What we now know is, no, that's quite wrong. That, actually, the brain is techno plastic. It changes, and changes a lot. And it's the educational process, the right kind of educational process, has the brain strengthening. It's actually rewiring itself to be to have increased capabilities.

What was kind of always thought about previously, as well, we do these tests and we select for the best brains and use them. Now what we realize is, no, we're just selecting mostly for educational privilege.

We're throwing away all these brains that if they were just given the educational opportunities, like you say, they could develop greater capabilities, much greater success by all kinds of measures, a much greater benefit to humanity.

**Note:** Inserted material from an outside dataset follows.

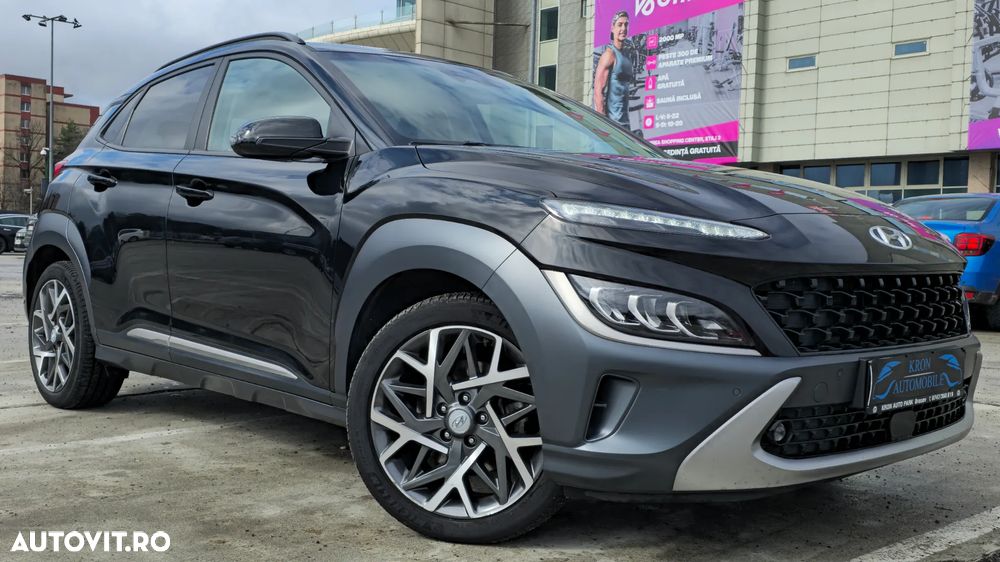 Hyundai KONA - 2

And for where we are now in kind of thinking about improved education, now that's, I think, the most fundamental point is to recognize that now we understand the brain a lot better than we did just 20 years ago. Education's really about developing that brain and let educational processes do that effectively. And that that can be far more important and powerful than the old-fashioned way we thought about, that we're just trying to choose the select few.

STEVEN ROBINOW: Right, interesting. Let's go down this path of those that have adopted your practices, you and the other science education researchers around the world. There's many practices now that have been validated. What has been the impact on the faculty that adopt those practices?

CARL WIEMAN: I led these big institutional change programs at Colorado and British Columbia and now smaller, but at Stanford. The original goal and design of the program was to provide incentives and training for not just the few who were believers, but entire science departments to adopt these teaching practices.

One of the most surprising and striking—not super surprising, but striking results of this was that once people were trained and had experience using these practices in a classroom, they never switched back. We'd provide them with incentives of various ways to change to teach some course this way. Then those would go away. And they'd keep teaching the course this way. They're going to teach a new course, they would adopt all these methods.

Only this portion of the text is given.